I've created a small Jetty test application with a single servlet that demonstrates the issue.

import java.io.File;
import java.io.FileInputStream;
import java.io.IOException;
import java.io.OutputStream;

import javax.servlet.ServletException;
import javax.servlet.http.HttpServlet;
import javax.servlet.http.HttpServletRequest;
import javax.servlet.http.HttpServletResponse;

import org.mortbay.jetty.Server;
import org.mortbay.jetty.nio.SelectChannelConnector;
import org.mortbay.jetty.servlet.Context;

public class TestServlet extends HttpServlet {

    @Override
    protected void doGet(HttpServletRequest req, HttpServletResponse resp)
            throws ServletException, IOException {
        final int bufferSize = 65536;
        resp.setBufferSize(bufferSize);
        OutputStream outStream = resp.getOutputStream();

        FileInputStream stream = null;
        try {
            stream = new FileInputStream(new File("test.data"));
            int bytesRead;
            byte[] buffer = new byte[bufferSize];
            while( (bytesRead = stream.read(buffer, 0, bufferSize)) > 0 ) {
                outStream.write(buffer, 0, bytesRead);
                outStream.flush();
            }
        } finally   {
            if( stream != null )
                stream.close();
            outStream.close();
        }
    }

    public static void main(String[] args) throws Exception {
        Server server = new Server();
        SelectChannelConnector ret = new SelectChannelConnector();
        ret.setLowResourceMaxIdleTime(10000);
        ret.setAcceptQueueSize(128);
        ret.setResolveNames(false);
        ret.setUseDirectBuffers(false);
        ret.setHost("0.0.0.0");
        ret.setPort(8080);
        server.addConnector(ret);
        Context context = new Context();
        context.setDisplayName("WebAppsContext");
        context.setContextPath("/");
        server.addHandler(context);
        context.addServlet(TestServlet.class, "/test");
        server.start();
    }

}

In my experiment, I'm using a 128MB test file that the servlet returns to the client, which connects using localhost.
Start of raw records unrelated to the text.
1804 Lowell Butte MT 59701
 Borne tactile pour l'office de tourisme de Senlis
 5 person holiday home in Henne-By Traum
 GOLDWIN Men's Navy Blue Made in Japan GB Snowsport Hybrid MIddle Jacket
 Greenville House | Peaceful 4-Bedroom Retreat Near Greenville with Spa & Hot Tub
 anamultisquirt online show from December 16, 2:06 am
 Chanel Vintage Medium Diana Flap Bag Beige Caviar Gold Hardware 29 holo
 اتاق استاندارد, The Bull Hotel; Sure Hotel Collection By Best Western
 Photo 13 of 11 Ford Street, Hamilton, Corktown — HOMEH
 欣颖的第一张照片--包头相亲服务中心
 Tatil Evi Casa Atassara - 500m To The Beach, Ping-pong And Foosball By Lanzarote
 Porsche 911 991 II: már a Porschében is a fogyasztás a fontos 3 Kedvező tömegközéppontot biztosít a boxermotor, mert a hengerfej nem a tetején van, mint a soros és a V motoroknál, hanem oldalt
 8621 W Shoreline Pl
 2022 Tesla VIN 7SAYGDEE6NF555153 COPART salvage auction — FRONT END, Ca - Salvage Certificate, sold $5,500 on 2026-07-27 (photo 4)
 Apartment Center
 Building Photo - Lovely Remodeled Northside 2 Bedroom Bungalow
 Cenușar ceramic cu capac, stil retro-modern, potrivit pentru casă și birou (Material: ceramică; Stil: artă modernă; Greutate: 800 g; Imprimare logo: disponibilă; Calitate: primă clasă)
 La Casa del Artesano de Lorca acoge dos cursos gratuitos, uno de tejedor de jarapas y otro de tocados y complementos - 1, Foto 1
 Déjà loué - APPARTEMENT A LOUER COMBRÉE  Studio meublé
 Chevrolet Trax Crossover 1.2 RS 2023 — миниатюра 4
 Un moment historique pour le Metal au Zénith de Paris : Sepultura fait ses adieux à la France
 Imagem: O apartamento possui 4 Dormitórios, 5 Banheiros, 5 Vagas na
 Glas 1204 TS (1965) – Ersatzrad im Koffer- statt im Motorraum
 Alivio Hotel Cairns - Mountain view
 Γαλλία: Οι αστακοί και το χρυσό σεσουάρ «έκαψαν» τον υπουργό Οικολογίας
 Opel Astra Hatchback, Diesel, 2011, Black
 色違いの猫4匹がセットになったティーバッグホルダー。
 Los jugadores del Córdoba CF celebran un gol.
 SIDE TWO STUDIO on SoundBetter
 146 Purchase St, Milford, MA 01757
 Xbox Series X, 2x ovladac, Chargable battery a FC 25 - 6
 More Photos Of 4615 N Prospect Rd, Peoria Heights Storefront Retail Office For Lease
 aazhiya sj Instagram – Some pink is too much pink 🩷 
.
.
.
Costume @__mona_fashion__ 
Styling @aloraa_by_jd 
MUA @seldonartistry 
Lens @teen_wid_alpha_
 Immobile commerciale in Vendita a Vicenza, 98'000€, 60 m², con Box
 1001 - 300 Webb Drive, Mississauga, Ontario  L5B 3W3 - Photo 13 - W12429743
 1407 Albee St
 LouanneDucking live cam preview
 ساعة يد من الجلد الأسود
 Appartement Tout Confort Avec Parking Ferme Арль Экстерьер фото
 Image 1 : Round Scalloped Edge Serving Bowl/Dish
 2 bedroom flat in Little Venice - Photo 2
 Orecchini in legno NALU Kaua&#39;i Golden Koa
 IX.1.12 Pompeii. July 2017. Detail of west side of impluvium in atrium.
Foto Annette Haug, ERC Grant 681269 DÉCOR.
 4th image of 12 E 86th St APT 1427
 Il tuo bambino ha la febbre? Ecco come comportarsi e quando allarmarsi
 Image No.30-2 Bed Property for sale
Downloading this data using a simple test client written in Java (using URLConnection) takes 3.8 seconds, which is very slow (yes, it's 33MB/s, which doesn't sound slow, except that this is purely local and the input file was cached; it should be much faster).

Now here's where it gets strange. If I download the data with wget, which is a HTTP/1.0 client and therefore doesn't support chunked transfer encoding, it only takes 0.1 seconds. That's a much better figure.

Now when I change bufferSize to 4096, the Java client takes 0.3 seconds.

If I remove the call to resp.setBufferSize entirely (which appears to use a 24KB chunk size), the Java client now takes 7.1 seconds, and wget is suddenly equally slow!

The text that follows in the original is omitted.